The ever-increasing fossil fuel consumption and portable electronic device proliferation have caused numerous environmental challenges in terms of producing massive carbon dioxide (CO₂) emissions and end-of-life wastes. Incorporating naturally abundant resources into the recyclable and renewable battery components at the design stage has, therefore, become essential. Cellulose (CC) is an attractive raw material for eco-friendly solid/gel polymer electrolytes. However, they suffer from unsatisfactory ionic conductivity due to the narrow spacing between the molecular chains originating from the strong inherent inter- and intra-molecular hydrogen bonds. Herein, we propose a strategy to achieve highly conductive cellulose by bedecking the CC with CO₂via its ionization (CC-CO₂), which breaks the inherent inter- and intra-molecular hydrogen bonds.

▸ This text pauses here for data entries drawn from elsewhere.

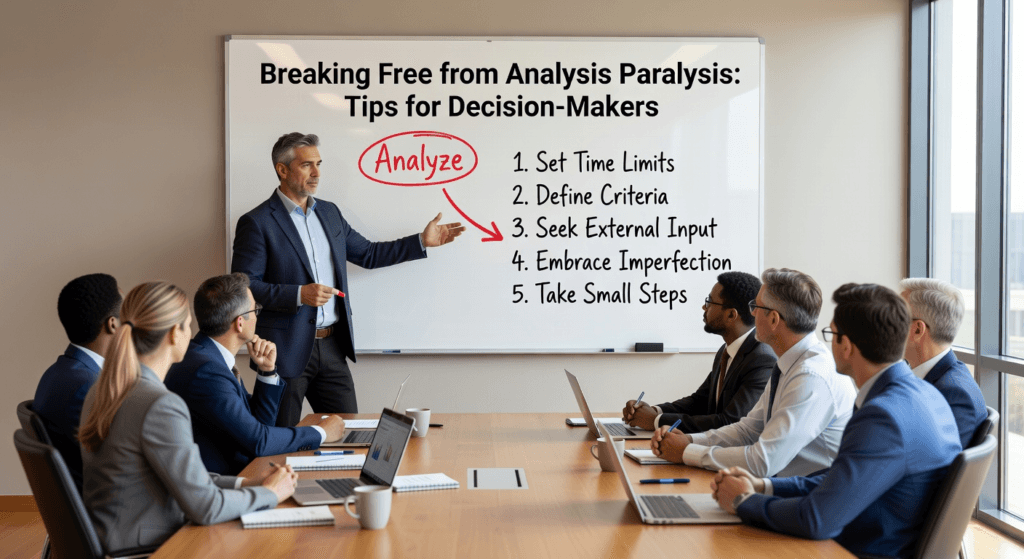Theory aside. Practitioners lead. Breaking Free from Analysis Paralysis: Tips for Decision-Makers Analyze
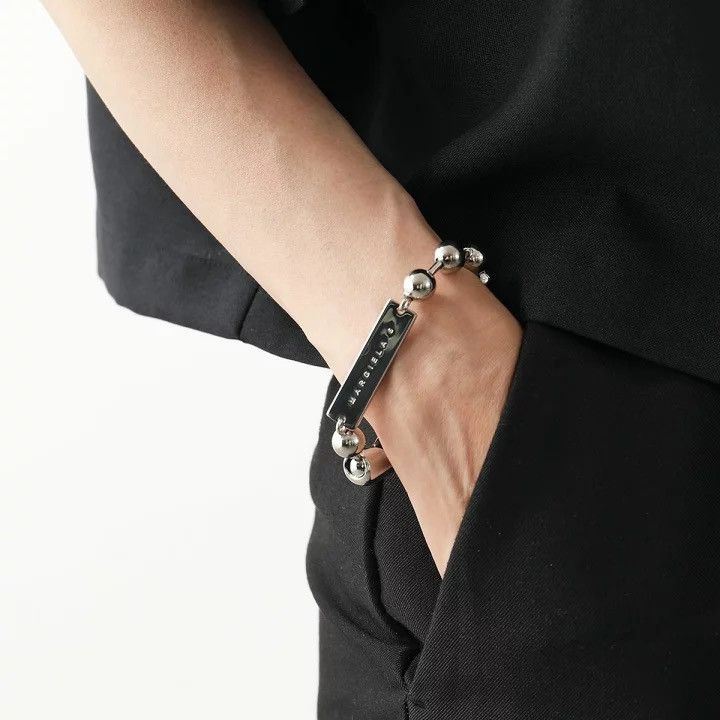 Maison Margiela !DS! SS22 Maison Margiela Polished Palladio Bracelet. Size ONE SIZE - 7 Thumbnail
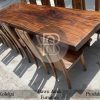 Meja Makan Minimalis Jepara Solid Furniture Kayu Trembesi BA-700.1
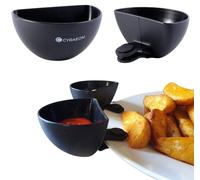 Cyraeon Dip Clips, Pack of 4, Perfect for Fussy Eaters - Keeps Sauces Separate From Plate - Strong Clips With Container Dish for Any Sauce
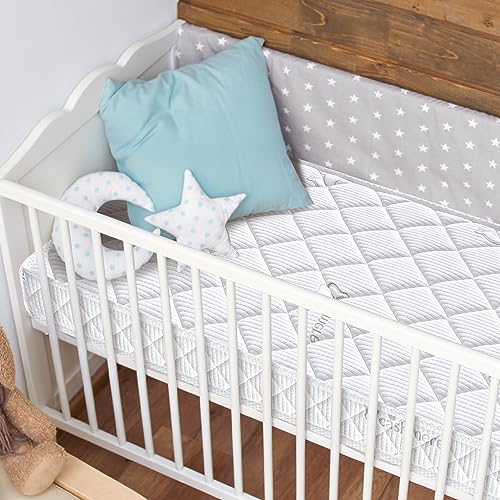 Dual-Sided Hypoallergenic Crib & Toddler Mattress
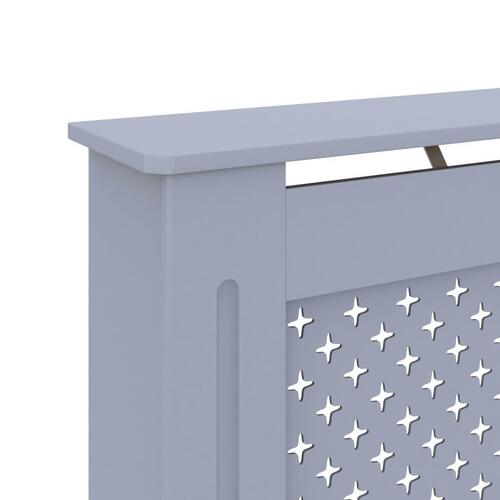 Radiatorskjuler 152x19x81,5 cm MDF antracitgrå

Upon being employed as quasi-solid-electrolytes for Zn–air batteries (ZABs), the CO₂-decorated CC with substantially enhanced conductivity can effectively impede the CO₂ poisoning of the electrolyte and Zn dendrite formation, endowing the fabricated ZABs with promoted electrochemical performance and stability even in a CO₂-rich atmosphere. The spent CC-CO₂ and all chemicals used for the ionization can be facilely and efficiently recycled. Moreover, the CC-CO₂ can be degraded to CO₂ and glucose on demand. The strategy here sheds light on integrating CO₂ utilization with bio-derived materials for renewable energy storage systems to meet sustainability targets.